* WORK TO COMPLETE
Exact repetition of every record is required.

* Caption-style text data
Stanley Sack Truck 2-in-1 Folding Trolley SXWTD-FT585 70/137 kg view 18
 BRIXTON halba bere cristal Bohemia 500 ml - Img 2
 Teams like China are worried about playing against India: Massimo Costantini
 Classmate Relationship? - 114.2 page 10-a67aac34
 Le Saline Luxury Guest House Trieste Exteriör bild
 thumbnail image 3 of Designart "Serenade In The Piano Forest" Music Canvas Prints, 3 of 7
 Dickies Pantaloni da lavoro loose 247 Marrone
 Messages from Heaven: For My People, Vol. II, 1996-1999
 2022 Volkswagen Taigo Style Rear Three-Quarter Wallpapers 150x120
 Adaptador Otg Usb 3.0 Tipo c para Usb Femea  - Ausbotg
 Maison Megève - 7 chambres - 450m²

* EXERCISE ANSWER
Stanley Sack Truck 2-in-1 Folding Trolley SXWTD-FT585 70/137 kg view 18
 BRIXTON halba bere cristal Bohemia 500 ml - Img 2
 Teams like China are worried about playing against India: Massimo Costantini
 Classmate Relationship? - 114.2 page 10-a67aac34
 Le Saline Luxury Guest House Trieste Exteriör bild
 thumbnail image 3 of Designart "Serenade In The Piano Forest" Music Canvas Prints, 3 of 7
 Dickies Pantaloni da lavoro loose 247 Marrone
 Messages from Heaven: For My People, Vol. II, 1996-1999
 2022 Volkswagen Taigo Style Rear Three-Quarter Wallpapers 150x120
 Adaptador Otg Usb 3.0 Tipo c para Usb Femea  - Ausbotg
 Maison Megève - 7 chambres - 450m²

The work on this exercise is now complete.